Pola pergerakan IHSG sepanjang tahun 2013 ini mengingatkan penulis akan
situasi yang kurang lebih sama yang terjadi pada indeks saham Dow Jones pada
tahun 1987, yang kemudian dikenang sebagai crash of 1987 (penulis baru masuk pasar tahun 2009, tapi saya sudah lumayan hafal dengan sejarah krisis ekonomi dan stock market crash sejak kasus Tulip Mania di abad ke-17). Ketika itu, pada awal
tahun Dow dibuka di posisi 1,897, kemudian secara perlahan tapi pasti dia
terus naik hingga mencapai puncaknya pada bulan Agustus di posisi 2,722, atau
naik 43.5% hanya dalam waktu kurang dari sepuluh bulan.
However, setelah lewat Agustus, Dow mulai bergerak turun, namun masih
dengan persentase penurunan yang wajar. Hingga akhirnya pada bulan Oktober
1987, dipicu oleh berita bahwa tentara Iran menyerang pangkalan militer Amerika
Serikat di Kuwait, Dow mulai turun secara terus menerus, hingga puncaknya
terjadi pada hari Senin tanggal 19 Oktober 1987, dimana Dow anjlok sebanyak 22.6% hanya dalam satu hari! Tanggal 19
Oktober itulah yang kemudian dikenal sebagai ‘black monday’. Penurunan indeks sebesar 22.6% tersebut
meninggalkan trauma psikologis yang sangat signifikan di benak para investor,
karena bahkan pada koreksi besar pada Dow Jones di tahun 1929 sekalipun, yang
kemudian memicu great depression di tahun 1930-an, Dow Jones tidak pernah sampai turun
sebanyak itu dalam satu hari.
Pergerakan Dow Jones ketika terjadi Black Monday of 1987. Klik gambar untuk memperbesar |
Mungkin itu pula sebabnya, pada bulan Desember 1987, sebanyak 33 ekonom
terkenal dari seluruh dunia berkumpul di Washington DC, untuk membahas ‘krisis’
tersebut. Dan mereka kemudian memprediksi bahwa perekonomian Amerika dan
juga dunia akan mengalami masa-masa yang amat sulit dalam beberapa tahun
kedepan, mungkin sama sulitnya seperti krisis besar yang terjadi di tahun 1930-an.
Tapi apakah prediksi tersebut menjadi kenyataan? Ternyata tidak.
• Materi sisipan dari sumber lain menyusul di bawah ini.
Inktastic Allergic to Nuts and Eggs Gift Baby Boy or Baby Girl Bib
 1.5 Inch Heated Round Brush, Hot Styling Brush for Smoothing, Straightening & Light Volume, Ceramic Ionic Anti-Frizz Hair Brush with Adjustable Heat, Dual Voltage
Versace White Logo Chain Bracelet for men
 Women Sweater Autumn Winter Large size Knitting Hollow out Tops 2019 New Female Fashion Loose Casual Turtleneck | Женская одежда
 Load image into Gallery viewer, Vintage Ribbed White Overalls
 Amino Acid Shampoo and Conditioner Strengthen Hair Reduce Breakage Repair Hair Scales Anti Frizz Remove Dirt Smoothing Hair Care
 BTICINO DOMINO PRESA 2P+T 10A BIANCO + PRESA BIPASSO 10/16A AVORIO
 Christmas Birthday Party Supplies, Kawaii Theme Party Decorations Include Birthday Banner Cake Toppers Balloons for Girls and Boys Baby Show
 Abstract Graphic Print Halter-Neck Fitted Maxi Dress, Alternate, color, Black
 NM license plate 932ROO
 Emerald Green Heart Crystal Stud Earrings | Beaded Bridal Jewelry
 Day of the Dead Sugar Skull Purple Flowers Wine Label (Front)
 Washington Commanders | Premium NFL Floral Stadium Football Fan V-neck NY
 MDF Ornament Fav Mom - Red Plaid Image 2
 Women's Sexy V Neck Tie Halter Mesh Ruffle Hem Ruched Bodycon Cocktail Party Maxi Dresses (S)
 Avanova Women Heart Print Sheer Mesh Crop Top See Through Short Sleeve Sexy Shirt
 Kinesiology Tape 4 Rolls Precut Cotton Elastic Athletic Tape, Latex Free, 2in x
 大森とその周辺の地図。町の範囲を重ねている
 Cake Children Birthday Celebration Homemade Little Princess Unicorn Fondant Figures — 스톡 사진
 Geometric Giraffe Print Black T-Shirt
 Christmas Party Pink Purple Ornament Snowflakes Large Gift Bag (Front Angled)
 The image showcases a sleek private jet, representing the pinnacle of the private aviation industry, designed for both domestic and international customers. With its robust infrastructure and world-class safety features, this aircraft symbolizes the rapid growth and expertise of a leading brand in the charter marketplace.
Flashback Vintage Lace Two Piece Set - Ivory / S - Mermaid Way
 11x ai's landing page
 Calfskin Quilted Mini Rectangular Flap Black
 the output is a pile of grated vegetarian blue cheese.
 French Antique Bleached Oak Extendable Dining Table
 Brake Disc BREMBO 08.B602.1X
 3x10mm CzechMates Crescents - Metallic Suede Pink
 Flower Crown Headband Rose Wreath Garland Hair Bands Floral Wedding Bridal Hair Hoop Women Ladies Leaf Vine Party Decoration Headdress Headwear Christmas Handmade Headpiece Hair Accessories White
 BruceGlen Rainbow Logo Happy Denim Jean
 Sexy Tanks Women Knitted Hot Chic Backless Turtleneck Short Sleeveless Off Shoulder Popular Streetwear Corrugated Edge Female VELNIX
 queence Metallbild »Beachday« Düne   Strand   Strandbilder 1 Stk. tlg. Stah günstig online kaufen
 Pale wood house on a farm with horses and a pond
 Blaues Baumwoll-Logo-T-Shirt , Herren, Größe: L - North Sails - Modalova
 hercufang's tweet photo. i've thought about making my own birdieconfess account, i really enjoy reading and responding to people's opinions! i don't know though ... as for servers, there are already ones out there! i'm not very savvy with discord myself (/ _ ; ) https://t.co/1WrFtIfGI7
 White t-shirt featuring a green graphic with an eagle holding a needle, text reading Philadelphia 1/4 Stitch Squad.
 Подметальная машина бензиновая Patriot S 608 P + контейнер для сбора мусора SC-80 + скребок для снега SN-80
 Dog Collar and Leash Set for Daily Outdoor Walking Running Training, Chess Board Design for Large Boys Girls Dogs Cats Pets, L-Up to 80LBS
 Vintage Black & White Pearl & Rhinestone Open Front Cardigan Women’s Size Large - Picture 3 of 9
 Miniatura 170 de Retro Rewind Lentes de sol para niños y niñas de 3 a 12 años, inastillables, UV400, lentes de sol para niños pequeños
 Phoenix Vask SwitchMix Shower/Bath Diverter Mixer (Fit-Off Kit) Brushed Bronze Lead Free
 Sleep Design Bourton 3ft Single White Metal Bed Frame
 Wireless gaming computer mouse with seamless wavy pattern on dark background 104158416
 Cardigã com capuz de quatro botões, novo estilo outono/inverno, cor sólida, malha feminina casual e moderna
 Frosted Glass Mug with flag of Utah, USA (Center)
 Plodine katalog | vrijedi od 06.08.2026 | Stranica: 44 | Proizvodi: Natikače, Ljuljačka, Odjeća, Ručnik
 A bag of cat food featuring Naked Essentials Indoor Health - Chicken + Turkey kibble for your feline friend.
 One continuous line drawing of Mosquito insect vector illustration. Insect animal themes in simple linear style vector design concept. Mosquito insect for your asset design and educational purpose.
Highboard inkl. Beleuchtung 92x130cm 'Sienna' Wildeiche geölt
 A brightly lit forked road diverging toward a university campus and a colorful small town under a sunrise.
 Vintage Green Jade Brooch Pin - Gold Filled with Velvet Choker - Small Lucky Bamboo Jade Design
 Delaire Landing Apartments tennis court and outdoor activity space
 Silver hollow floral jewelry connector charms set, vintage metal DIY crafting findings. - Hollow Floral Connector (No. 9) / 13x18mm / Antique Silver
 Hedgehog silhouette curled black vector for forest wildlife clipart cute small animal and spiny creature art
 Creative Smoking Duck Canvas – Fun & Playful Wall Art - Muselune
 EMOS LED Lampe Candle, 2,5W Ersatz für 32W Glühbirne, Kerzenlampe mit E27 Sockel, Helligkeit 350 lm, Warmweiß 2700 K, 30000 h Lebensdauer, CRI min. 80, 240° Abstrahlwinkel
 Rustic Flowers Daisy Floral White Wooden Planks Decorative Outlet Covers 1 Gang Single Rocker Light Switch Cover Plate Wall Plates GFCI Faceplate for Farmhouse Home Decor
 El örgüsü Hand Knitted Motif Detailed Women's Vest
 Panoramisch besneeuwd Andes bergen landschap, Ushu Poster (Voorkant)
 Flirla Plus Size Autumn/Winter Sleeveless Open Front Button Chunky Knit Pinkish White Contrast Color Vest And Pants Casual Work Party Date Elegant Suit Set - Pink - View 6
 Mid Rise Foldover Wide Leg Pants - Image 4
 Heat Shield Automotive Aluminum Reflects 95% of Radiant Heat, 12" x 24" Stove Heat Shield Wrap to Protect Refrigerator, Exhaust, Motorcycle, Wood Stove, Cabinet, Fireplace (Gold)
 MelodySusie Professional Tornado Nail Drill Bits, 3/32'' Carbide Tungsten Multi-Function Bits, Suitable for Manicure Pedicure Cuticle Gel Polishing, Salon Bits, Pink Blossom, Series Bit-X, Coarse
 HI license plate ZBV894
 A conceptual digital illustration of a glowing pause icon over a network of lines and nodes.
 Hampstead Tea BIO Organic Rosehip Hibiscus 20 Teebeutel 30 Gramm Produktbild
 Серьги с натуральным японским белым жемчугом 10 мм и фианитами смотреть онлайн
Masih di
bulan Desember 1987, Dow malah justru merangkak naik, hingga akhirnya menutup tahun
1987 di posisi 1,939, atau masih naik sebesar 2.2% dibanding posisi awal tahun.
Kemudian sepanjang tahun 1988 dan 1989, sama sekali tidak terjadi gejolak
perekonomian yang sebelumnya dikhawatirkan. Malah yang terjadi, Dow terus saja naik
secara perlahan hingga akhirnya mencatat new
high lagi pada akhir tahun 1989. Ini artinya, jika ada investor yang membeli
saham tertentu di bursa Amerika pada bulan Agustus 1987, yakni ketika posisi
Dow Jones sedang tinggi-tingginya, maka dengan catatan saham tersebut bergerak
seiring pergerakan indeks, investor tersebut akan mengalami potential loss sebesar hampir 30% pada
akhir tahun 1987. Namun jika ia tetap meng-hold sahamnya, maka
investor tadi akan kembali mencatatkan kinerja portofolio yang positif dalam waktu tak sampai dua tahun kemudian.
Studi Kasus
Jika dibandingkan dengan kondisi pasar saham Indonesia di tahun 2013, maka
koreksi Dow Jones di tahun 1987 tersebut tampak jauh lebih buruk karena Dow,
pada akhir tahun, ditutup turun 28.8% dibanding posisi puncaknya, sementara
IHSG di akhir tahun 2013 ‘hanya’ turun 18.6%. Selain itu
seperti yang sudah disebut diatas, koreksi Dow di tahun 1987 juga sangat
meninggalkan trauma psikologis karena adanya penurunan sebesar lebih dari 20%
sekaligus hanya dalam satu hari, yang merupakan penurunan terbesar sepanjang
sejarah indeks Dow Jones, bahkan hingga hari ini. Sementara IHSG? Pada tahun
2013 ini, penurunan terbesar (dalam satu hari) tercatat hanya 5.6% pada tanggal
16 Agustus 2013, alias masih belum ada apa-apanya dibanding rekor 8.9% pada
tahun 2011, dan juga penurunan-penurunan ekstrim lainnya yang pernah terjadi di
tahun 2008 dan 1998.
Maksud penulis adalah, jika pada tahun 2013 ini IHSG sempat teruuuuss naik
sampai lebih tinggi dari 5,250, katakanlah sampai menyentuh level 6,100 (naik
40% dibanding posisi awal tahun), kemudian entah itu di bulan September,
Oktober, atau November, IHSG akhirnya jatuh dan balik lagi ke posisi 4,200,
termasuk sempat jeblok 20% dalam satu hari, maka bagaimana kira-kira reaksi
para investor???
Tapi berhubung IHSG tidak sempat naik sampai 6,100 tadi, melainkan langsung
turun setelah menyentuh level 5,250, dan juga tidak terdapat penurunan yang
amat dramatis dalam satu hari, maka reaksi para investor ketika IHSG balik lagi
ke posisi 4,200-an pada akhir tahun, relatif masih normal. Suara-suara pesimis
yang mengatakan bahwa IHSG akan turun lebih dalam lagi tentu saja akan tetap
ada, namun tidak sampai ada sekumpulan ekonom yang memprediksi bahwa ‘Tahun
2014 dan selanjutnya akan menjadi tahun-tahun yang berat bagi perekonomian
nasional, mungkin sama beratnya seperti krisis 1998’.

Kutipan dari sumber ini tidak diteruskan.